• [Available records]:
◇ ◇ ◇

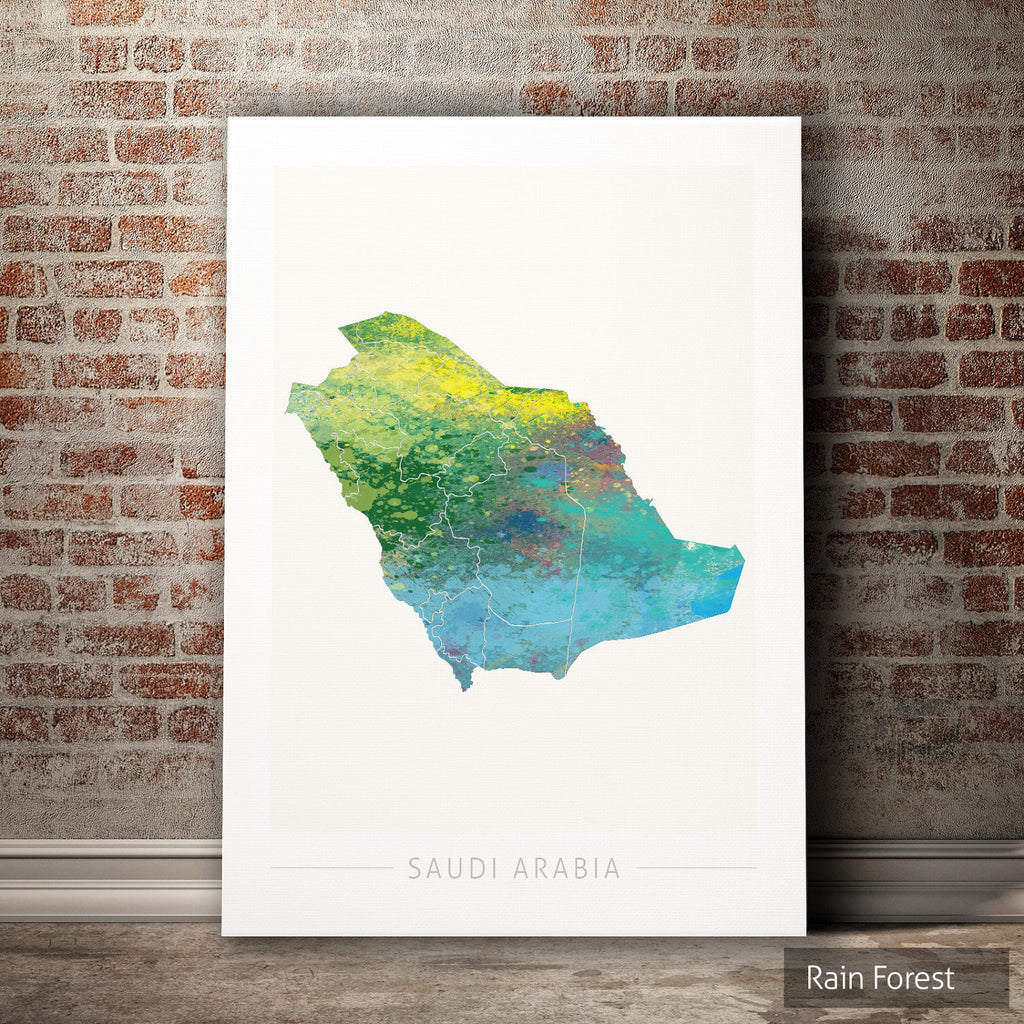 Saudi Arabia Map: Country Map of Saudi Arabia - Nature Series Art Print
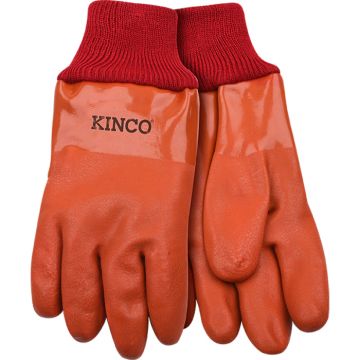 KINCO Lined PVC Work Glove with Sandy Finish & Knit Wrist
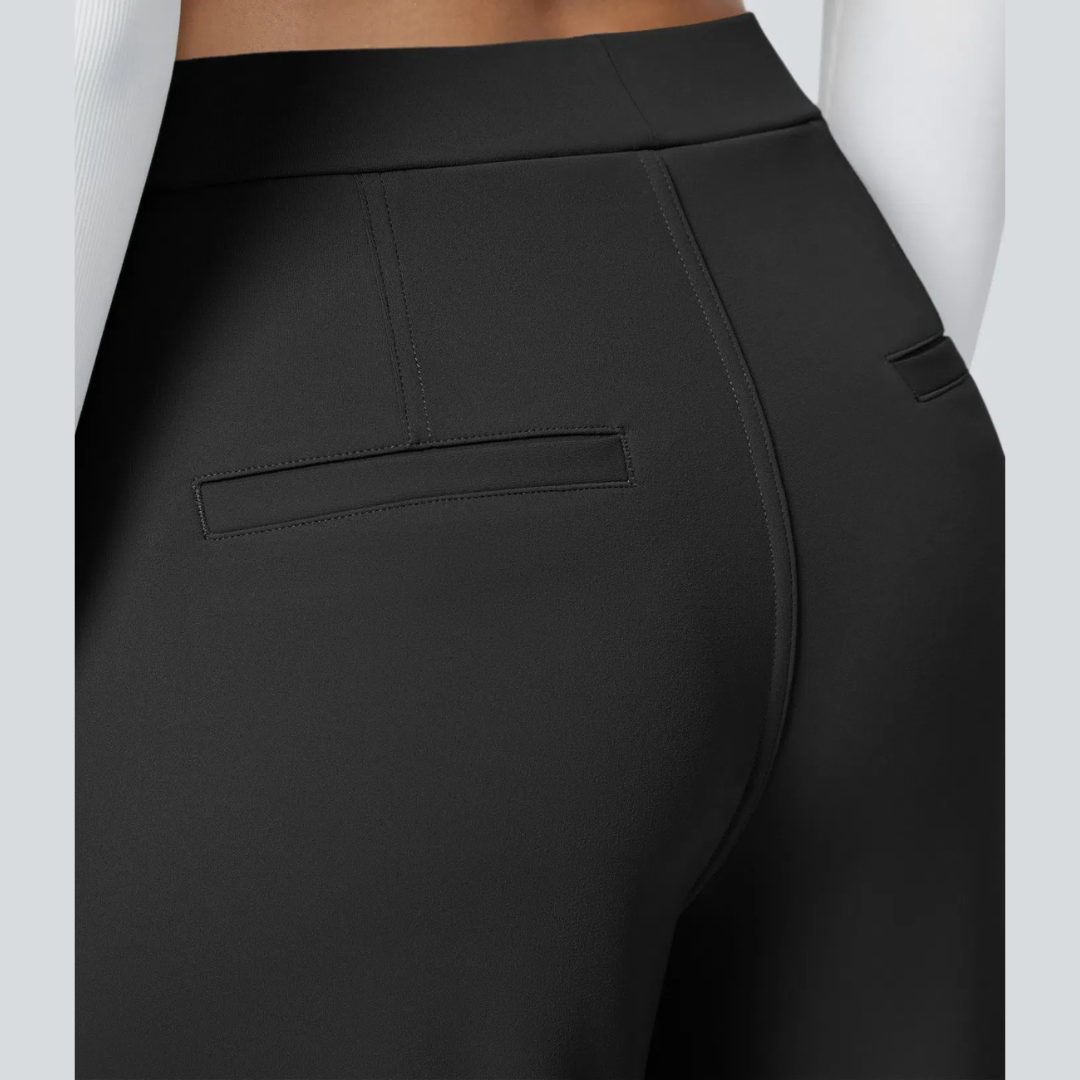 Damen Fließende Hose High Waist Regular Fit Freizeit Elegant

◇ ◇ ◇

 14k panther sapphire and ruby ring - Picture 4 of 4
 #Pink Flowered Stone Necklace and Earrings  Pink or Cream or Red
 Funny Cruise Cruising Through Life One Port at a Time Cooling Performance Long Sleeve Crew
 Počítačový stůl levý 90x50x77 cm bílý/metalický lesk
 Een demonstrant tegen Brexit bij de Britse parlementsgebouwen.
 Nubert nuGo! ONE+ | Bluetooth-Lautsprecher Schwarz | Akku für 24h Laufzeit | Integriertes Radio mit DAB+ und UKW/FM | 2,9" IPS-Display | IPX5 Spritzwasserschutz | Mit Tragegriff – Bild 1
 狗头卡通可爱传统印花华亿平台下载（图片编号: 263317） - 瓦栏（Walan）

◇ ◇ ◇

• [Exercise description]:
Exactly the lines above from the one that contains "Saudi Arabia Map: Country" down to the one that contains "Damen Fließende Hose" are to be output, both ends kept and pictures omitted.

• [Solution to the exercise]:
 Saudi Arabia Map: Country Map of Saudi Arabia - Nature Series Art Print
 KINCO Lined PVC Work Glove with Sandy Finish & Knit Wrist
 Damen Fließende Hose High Waist Regular Fit Freizeit Elegant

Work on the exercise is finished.